Every post I can't believe this is still going on, and yet, here we are :D
mildred_of_midgard: (Default)

Re: Sauvez-Vous!

[personal profile] mildred_of_midgard 2021-02-26 12:59 am (UTC)(link)
It's a pity we don't have the memoirs themselves. Along with a print out of AW's account of his youthful life. :)

Well, yes! But the second one we still might get someday, and the first one is presumably lost forever...but Formey's work survives and the author made a choice for which I reserve the right to hold a grudge!

So one thing that occurs to me is that I've been assuming Peter's memoirs disappeared before 1820 and the son didn't have access to them. I *think* Koser also comments that this letter is not worth anything as evidence, and I suspect he's thinking primarily of the "Sauvez-vous" part, since he calls that out in his text as a oft-repeated historical impossibility. Yeah, he calls it "unerheblich"--insignificant, unimportant.

But...what if Peter stuck to the "Sauvez-vous" story even in his memoirs?

Oh, no, wait, son says Peter was warned that Fritz had been arrested, nothing about a note from Fritz. That's also the story in Wilhelmine: specifically that a page from the house of Anhalt (wonder where she got that detail) warned Peter. Nothing about a note. Hmm. Fritz warning Peter is in Nicolai (via Hertefeld) and Catt (via who knows).

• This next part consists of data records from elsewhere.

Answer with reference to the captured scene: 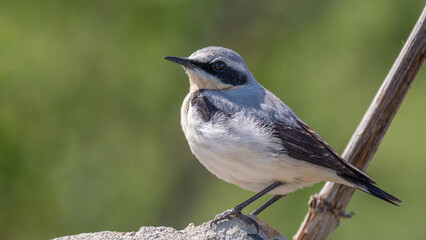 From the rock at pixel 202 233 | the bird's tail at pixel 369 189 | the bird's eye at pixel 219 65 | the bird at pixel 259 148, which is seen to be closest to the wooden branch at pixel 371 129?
the bird at pixel 259 148

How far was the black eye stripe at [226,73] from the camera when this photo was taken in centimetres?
629

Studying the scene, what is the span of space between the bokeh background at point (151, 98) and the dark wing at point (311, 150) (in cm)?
368

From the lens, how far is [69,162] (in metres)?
10.2

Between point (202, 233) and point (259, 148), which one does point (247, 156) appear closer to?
point (259, 148)

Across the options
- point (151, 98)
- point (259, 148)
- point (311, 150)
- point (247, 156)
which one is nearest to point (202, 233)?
point (247, 156)

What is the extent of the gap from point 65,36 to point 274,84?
3.23 meters

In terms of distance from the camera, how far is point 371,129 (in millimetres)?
6102

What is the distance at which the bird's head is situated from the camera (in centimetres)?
627

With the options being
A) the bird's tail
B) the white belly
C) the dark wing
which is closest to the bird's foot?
the white belly

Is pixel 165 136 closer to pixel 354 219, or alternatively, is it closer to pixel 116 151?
pixel 116 151

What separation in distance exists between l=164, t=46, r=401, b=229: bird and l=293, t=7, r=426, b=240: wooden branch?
1.68 ft

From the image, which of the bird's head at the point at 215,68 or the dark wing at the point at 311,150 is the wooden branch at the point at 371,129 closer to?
the dark wing at the point at 311,150

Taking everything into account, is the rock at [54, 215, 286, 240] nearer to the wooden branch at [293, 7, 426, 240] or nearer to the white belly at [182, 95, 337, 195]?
the white belly at [182, 95, 337, 195]

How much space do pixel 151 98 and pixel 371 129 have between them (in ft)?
16.7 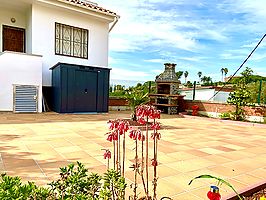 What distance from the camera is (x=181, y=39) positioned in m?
15.7

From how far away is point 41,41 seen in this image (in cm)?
959

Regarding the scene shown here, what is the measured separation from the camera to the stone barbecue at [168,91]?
11.6 metres

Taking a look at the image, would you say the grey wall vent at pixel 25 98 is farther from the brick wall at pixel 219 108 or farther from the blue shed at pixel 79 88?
the brick wall at pixel 219 108

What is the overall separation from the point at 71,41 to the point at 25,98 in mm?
3557

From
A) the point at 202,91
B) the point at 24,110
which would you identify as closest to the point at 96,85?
the point at 24,110

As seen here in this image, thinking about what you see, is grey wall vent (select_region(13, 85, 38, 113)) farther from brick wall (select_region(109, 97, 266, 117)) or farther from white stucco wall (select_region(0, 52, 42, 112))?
brick wall (select_region(109, 97, 266, 117))

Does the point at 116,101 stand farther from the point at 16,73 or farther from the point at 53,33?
the point at 16,73

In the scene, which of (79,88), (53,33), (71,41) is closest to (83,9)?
(71,41)

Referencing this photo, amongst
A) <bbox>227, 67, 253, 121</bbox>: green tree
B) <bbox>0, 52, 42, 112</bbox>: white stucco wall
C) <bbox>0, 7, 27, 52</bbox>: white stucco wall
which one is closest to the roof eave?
<bbox>0, 7, 27, 52</bbox>: white stucco wall

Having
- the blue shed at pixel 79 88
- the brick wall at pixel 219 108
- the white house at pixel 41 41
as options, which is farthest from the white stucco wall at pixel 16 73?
the brick wall at pixel 219 108

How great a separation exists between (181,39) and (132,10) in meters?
5.41

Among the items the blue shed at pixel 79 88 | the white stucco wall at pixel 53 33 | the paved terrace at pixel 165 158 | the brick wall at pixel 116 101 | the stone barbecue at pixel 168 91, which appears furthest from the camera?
the brick wall at pixel 116 101

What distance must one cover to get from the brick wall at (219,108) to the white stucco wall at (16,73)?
7.49 m

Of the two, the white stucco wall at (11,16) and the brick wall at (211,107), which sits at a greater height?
the white stucco wall at (11,16) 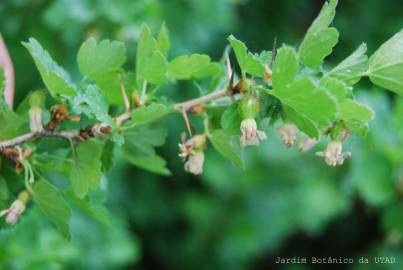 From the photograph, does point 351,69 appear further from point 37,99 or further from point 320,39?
point 37,99

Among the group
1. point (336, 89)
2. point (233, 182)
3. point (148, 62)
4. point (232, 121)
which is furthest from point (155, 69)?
point (233, 182)

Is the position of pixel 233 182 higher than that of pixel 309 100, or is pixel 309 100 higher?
pixel 233 182

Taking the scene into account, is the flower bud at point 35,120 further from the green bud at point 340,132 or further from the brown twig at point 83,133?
the green bud at point 340,132

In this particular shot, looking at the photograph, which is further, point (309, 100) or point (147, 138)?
point (147, 138)

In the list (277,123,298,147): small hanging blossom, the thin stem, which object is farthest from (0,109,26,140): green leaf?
(277,123,298,147): small hanging blossom

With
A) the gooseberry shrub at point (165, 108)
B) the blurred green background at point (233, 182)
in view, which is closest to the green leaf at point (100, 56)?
the gooseberry shrub at point (165, 108)

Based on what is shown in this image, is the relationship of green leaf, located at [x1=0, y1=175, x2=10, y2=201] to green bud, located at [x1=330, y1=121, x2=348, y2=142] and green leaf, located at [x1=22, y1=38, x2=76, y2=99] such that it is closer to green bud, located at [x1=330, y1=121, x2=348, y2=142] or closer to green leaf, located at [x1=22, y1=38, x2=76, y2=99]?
green leaf, located at [x1=22, y1=38, x2=76, y2=99] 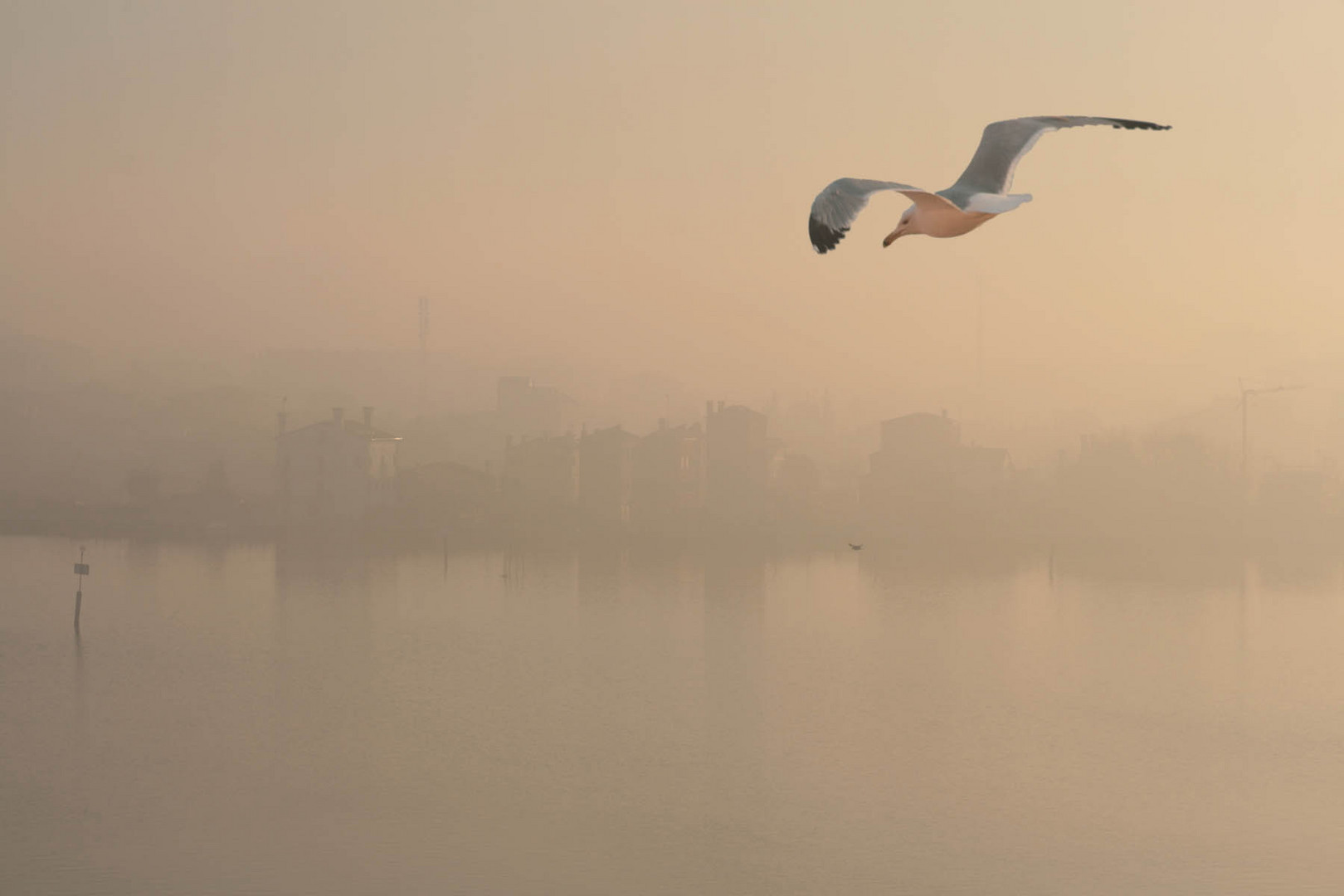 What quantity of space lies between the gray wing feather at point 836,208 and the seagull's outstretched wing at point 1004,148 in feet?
0.59

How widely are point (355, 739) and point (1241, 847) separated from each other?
59.1 ft

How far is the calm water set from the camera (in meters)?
20.8

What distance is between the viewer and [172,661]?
39.0 m

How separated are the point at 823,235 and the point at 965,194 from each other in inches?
11.9

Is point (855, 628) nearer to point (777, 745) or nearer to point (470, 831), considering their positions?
point (777, 745)

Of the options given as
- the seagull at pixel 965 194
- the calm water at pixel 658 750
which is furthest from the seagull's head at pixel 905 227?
the calm water at pixel 658 750

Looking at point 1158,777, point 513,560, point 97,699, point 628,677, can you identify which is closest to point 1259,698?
point 1158,777

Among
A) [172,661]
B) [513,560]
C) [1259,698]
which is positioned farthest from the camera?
[513,560]

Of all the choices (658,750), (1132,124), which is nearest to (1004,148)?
(1132,124)

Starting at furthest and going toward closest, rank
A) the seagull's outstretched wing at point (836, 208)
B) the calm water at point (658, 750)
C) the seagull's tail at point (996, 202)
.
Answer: the calm water at point (658, 750), the seagull's outstretched wing at point (836, 208), the seagull's tail at point (996, 202)

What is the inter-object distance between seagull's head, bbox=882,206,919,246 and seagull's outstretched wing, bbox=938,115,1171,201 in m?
0.23

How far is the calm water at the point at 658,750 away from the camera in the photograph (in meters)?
20.8

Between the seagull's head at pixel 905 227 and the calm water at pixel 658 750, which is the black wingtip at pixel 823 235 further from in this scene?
the calm water at pixel 658 750

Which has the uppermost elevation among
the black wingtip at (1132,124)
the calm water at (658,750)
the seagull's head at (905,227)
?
the black wingtip at (1132,124) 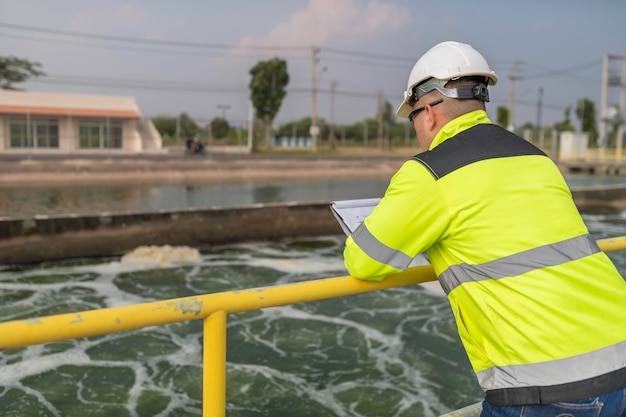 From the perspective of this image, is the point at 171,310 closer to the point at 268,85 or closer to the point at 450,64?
the point at 450,64

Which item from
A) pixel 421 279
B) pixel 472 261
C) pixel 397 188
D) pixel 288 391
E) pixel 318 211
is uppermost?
pixel 397 188

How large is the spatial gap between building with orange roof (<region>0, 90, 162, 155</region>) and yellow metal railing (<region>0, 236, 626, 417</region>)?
3331 centimetres

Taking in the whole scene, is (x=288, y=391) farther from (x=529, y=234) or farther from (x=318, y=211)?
(x=318, y=211)

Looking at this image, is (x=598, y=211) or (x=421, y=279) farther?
(x=598, y=211)

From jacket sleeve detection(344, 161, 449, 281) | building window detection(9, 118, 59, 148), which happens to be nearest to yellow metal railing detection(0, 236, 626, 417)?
jacket sleeve detection(344, 161, 449, 281)

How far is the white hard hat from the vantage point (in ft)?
5.32

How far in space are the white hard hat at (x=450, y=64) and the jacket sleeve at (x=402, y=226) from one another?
309mm

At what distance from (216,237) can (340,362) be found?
4822mm

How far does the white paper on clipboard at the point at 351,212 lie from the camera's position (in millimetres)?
1811

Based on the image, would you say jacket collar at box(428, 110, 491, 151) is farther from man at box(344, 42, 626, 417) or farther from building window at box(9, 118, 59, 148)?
building window at box(9, 118, 59, 148)

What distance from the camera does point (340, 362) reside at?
17.3 ft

So you know what I'm thinking? I'm thinking we have another simplification here. See, after Peter spent several days in the Hague, someone must have warned him that FW was after him, and that was when he fled to Chesterfield's house. Yeah, Seckendorff, writing August 30, says Peter first went to the guy who used to be an envoy to Berlin (someone Peter presumably knew when the guy was stationed in Berlin), and then Peter got a report that the Prussians were after him, and then he fled to Chesterfield. And I think Wilhelmine and the son are conflating that story with his escape from Wesel, and having him go straight from Wesel to Chesterfield.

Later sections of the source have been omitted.